I am on the side that says, like Hugh Fearnley-Whittingstall did in The River Cottage Meat Book, “…to those who play the socioeconomic card, saying that about the poor, they’ll never be able to afford your fancy, organic, rare-breed meat from pampered farmyard pets…I say don’t peddle that hypocritical line to me.” He goes on to explain that, “Principally what’s needed is the education to understand that…a modest amount of good meat (and not a mountain of cheap burgers made out of meat recovered mechanically from slaughterhouse slurry),” is an important component of healthy eating.
What modern people have forgotten, but was previously common practice, is how to keep animals for our own consumption.
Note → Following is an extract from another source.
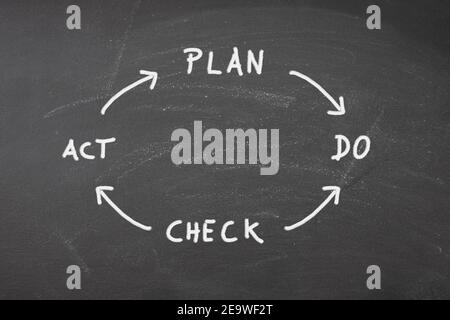 Plan do check act words on blackboard. Quality management concept Stock Photo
In Farm City, Novella talks about raising pigs on the vacant lot in Oakland, and the fact that in the seventeenth and eighteenth centuries, “…many American cities…had pigs within city limits.” Experts like Michael Pollan suggest that, instead of a cat, people should consider getting a chicken, because while your chicken will supply you with one glorious egg per day, you can’t actually milk a cat, Focker.
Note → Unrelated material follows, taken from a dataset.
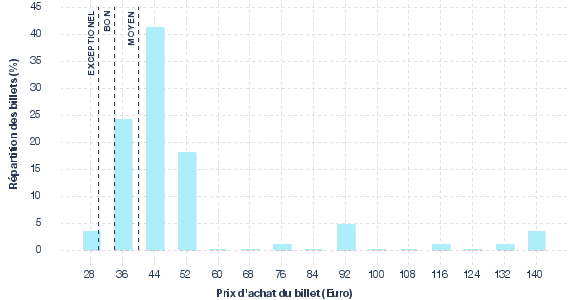 répartition des prix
It may sound crazy, but for me, the awkward and makeshift way of living in the city limits with 22 squawking birds, three children, one dog, and an herb garden just makes sense. Admittedly, I have always loved farms. My grandpa grew up a sugar beet farmer and was later a cattle rancher, so when he and my grandma retired to a ranch in Lake City (a tiny town in Northern California), I was excited. The experience of tending chickens, feeding lambs, brushing cow’s hides, and riding a dirt bike around 50 acres of land stuck with me like the crisp sweetness of a snap pea fresh off the vine.
And I’ve protected those memories like a hen protects her egg…whether she lives in the city or not.